Blog

Explore My News,
Thoughts & Inspiration

I think I have tried typing this blog 100+ times and always erase it. If I am being honest, its hard for me to share with the world what I feel God speaking into my heart about Cambodia. Fear, doubt, and being misunderstood plays huge into this. BUT I am tired of questioning God’s using of me and living in fear of what man could say. He has confirmed it in my heart and others heart OVER and OVER again. This is literally His dream for His children, and He is letting me be apart of it. 

So whats the dream? 

Part One:

October of 2015, I had a dream while I was asleep. The dream consisted of me cutting the women of Cambodia’s hair. I started having this dream over and over again. I hardly told anyone about it because God of course wouldn’t speak to me in a dream… that only happened in the Bible. In May of 2016, I was asked by a man what I would be doing in Cambodia and my mouth started speaking words that I could not control. I told Him that I was to open a salon in Cambodia that hires and trains women from the sex trade industry. While training them in a new job skill, you could disciple them along the way. You could meet the physical, spiritual, and emotional needs of these women. They would be set free from poverty bondage and spiritual bondage. There would be a discipleship multiplication process because when someone gets their hair done lots of conversation can happen! You could serve the same clientele over and over again. All these things that I did not know was in me came flowing out; it was God’s heart for His women in Cambodia. Well the man I was talking too wants to support the salon once I move to Cambodia.
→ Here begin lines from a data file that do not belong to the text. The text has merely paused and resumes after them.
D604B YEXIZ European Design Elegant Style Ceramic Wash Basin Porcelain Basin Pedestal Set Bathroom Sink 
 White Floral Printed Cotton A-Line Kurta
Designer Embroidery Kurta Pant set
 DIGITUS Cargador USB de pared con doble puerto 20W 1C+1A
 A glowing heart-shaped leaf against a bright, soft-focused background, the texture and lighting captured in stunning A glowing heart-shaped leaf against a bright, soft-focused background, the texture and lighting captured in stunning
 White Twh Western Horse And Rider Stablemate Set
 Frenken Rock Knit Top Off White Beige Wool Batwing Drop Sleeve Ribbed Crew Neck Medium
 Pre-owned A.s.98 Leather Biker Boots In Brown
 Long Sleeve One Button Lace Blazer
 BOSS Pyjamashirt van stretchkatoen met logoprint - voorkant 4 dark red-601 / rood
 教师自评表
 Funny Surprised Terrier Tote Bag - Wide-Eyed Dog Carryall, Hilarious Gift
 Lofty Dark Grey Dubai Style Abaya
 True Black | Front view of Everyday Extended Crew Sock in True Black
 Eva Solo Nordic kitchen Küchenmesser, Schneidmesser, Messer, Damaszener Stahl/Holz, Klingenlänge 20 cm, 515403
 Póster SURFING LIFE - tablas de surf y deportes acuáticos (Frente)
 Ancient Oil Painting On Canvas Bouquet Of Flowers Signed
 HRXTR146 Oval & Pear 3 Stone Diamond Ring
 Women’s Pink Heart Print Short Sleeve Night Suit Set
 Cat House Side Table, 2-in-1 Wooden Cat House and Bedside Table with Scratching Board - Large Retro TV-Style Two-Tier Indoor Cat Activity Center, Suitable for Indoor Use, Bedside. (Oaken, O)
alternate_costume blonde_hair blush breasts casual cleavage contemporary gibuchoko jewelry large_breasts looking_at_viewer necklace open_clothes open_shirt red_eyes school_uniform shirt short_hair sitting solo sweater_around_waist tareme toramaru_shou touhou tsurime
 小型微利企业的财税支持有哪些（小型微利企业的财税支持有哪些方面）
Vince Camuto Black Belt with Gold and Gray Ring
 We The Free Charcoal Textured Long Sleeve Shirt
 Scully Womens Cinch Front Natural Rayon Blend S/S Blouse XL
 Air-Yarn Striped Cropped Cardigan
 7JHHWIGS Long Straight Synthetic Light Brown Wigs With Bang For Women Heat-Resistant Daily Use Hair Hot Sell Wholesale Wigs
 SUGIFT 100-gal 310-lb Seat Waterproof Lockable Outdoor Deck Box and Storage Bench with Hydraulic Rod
He had been waiting for years to invest in something like this because God had been laying it on His heart too. 

So when I went to Cambodia on the vision trip, I dreamed a lot about the potential of a salon, and just when I thought that I would only be starting a salon, the Lord started speaking more vision into what He has for this nation. 

 

Part Two: 

I got a concussion in Cambodia where I literally laid in bed for three days straight until the a group of missionaries prayed healing over me. While being concussed, I was asking the Lord for clarity for what He wants in Cambodia. The day the missionaries prayed over me, I was able to visit the bars where women are being bought. Here we are, Tara and I, offering love and friendship, but that only goes so far and that is when it all came together. I know in my spirit that the Lord is leading me to open a safe home for women to seek refuge and freedom from the life of sex trafficking. In this safe home that will be called Princess Warrior House, women will receive inner healing, love, community, and freedom from bondage in their lives. In addition to opening the safe house, He wants to open a dream training center and/or a way for these women to receive education. These women will learn to dream for the first time and chase after their dreams. These women can be beauticians, mothers, nurses, teachers, missionaries, or whatever dream is placed in their hearts. Her dream is my dream which is His dream. The goal in all of this is to see women in the sex trade industry be totally set free from poverty and spiritual bondage. Even if it is for one girl, she is worth it. She is worth being “Painted White”.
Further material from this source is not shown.